Slick Rick is just one of many artists to take this ethos with them and wear it as a badge of honor.

“It means something, besides the music, the way you look and present yourself to the world is such a form of communication and who you are,” said Vikki Tobak, the book’s author.

Upon putting together her 2018 book Contact High: A Visual History of Hip-Hop, Tobak kept noticing jewelry trends that decorated rappers throughout the years in now-historic photos.

“It’s woven into the fabric of the music from day one, from the rappers really looking to street culture,” Tobak said. “[The jewelry] was lockstep with the history of the music and was really something that needed to be explored deeper.”

Hip-hop has come a long way in the past few decades, and like the music, the jewelry has evolved as well. For example, some trends have dictated bigger and bolder pieces with platinum and diamonds, while other styles have resorted to a minimal approach with gold. Necklaces take on many forms, from Cuban links to Dookie ropes. Rings can be customized in unimaginable ways. Folks like Pharrell love their colorful gemstones. Watches are anyone’s game — earlier this year for Valentine’s Day, Offset gifted Cardi B a $375,000 Audemars Piguet. During a certain time, if you wore a Roc-a-Fella chain, you were considered “hip-hop royalty.”

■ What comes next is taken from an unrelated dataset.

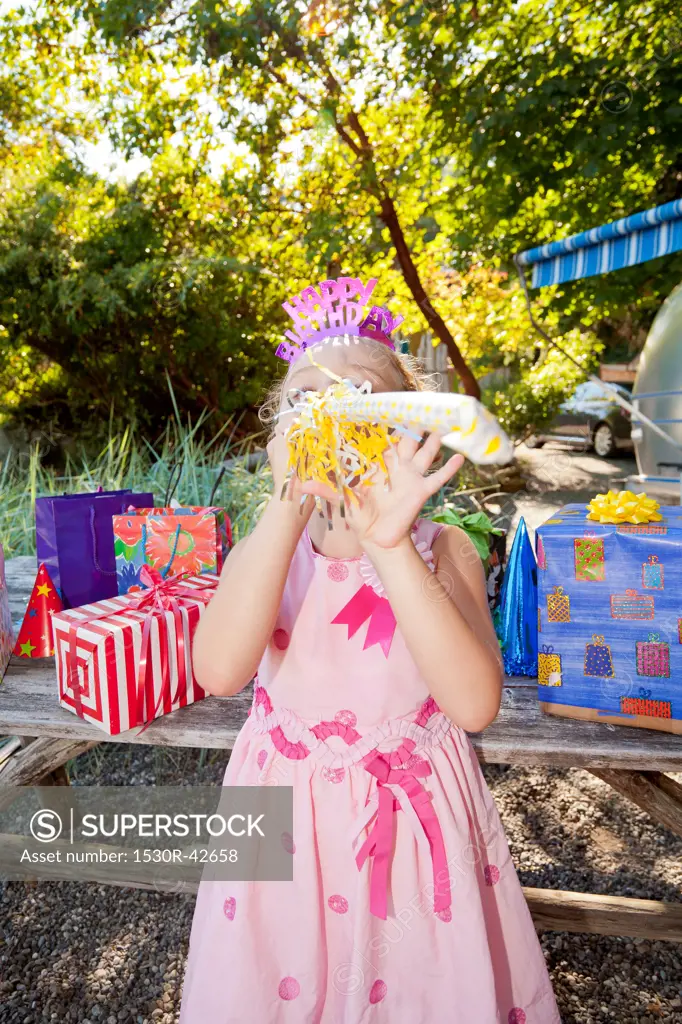 Young girl in birthday party outfit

The relationship between a hip-hop artist and their producer is often discussed, but what about a hip-hop artist and their jeweler?

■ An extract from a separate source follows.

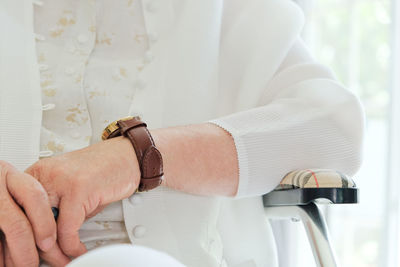 Midsection of woman sitting on chair at home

“Hip-hop has a culture of remixing and customization and that is something that producers are so great at bringing to the table,” Tobak said. “And those two things as well relate to the jewelers.”

Since the classic days of hip-hop, some jewelers understood the message and could relate to that vibe themselves, catering to hip-hop’s rising culture, with two classic examples being Jacob the Jeweler and Tito Caicedo (who crafted Biggie’s famous diamond-studded Jesus piece).

Luxury fashion houses now take influence from hip-hop’s jewelry and want rappers front and center at fashion shows, but that was not always the case. With many of hip-hop’s jewelers being first- or second-generation immigrants, they (like hip-hop artists) understand what struggle and hustle mean, with notions of the American dream ringing in their work ethic.

The style of Martine Ali, a Brooklyn-based jewelry designer who has worked with artists including Kendrick Lamar and A$AP Ferg, touches on aesthetics reminiscent of ’90s-era hip-hop culture and grunge. Growing up in Chicago in the 1990s and 2000s, the self-taught designer first got a sense of what she wanted to do for a career while watching MTV when she was younger.

“As a little kid, it was my goal to be Jacob the Jeweler when I grew up,” Ali said. “For me, it was always wanting to recreate the fashion and designs I saw in music videos.”

Ali creates many pieces that have a back-to-basics approach and touches on what Tobak describes as remixing the principles of the jewelry while adding her own taste.

“Not every artist wants to be wearing diamonds, not every artist wants a mortgage around their neck,” Ali said. “I want to give the artist something that feels a little disassembled, something a little bit more cool, something a little more low-key.”

As for the future of jewelry in hip-hop, the sky is the limit. As technology within the business evolves, almost anything is possible. If you remember in 2021, Lil Uzi Vert even had a $24 million natural pink diamond implanted in his forehead (which was later ripped out by fans at a concert). Brands like Tiffany & Co. are starting to use rappers like Jay-Z and A$AP Ferg in their ads.

“I think the luxury brands are finally starting to understand hip-hop’s power, and I hope that doesn’t take away from the jewelers that have been servicing that community for a long time,” Tobak said. “I think this new era of luxury in hip-hop is really going to unfold in new ways that we have yet to see.”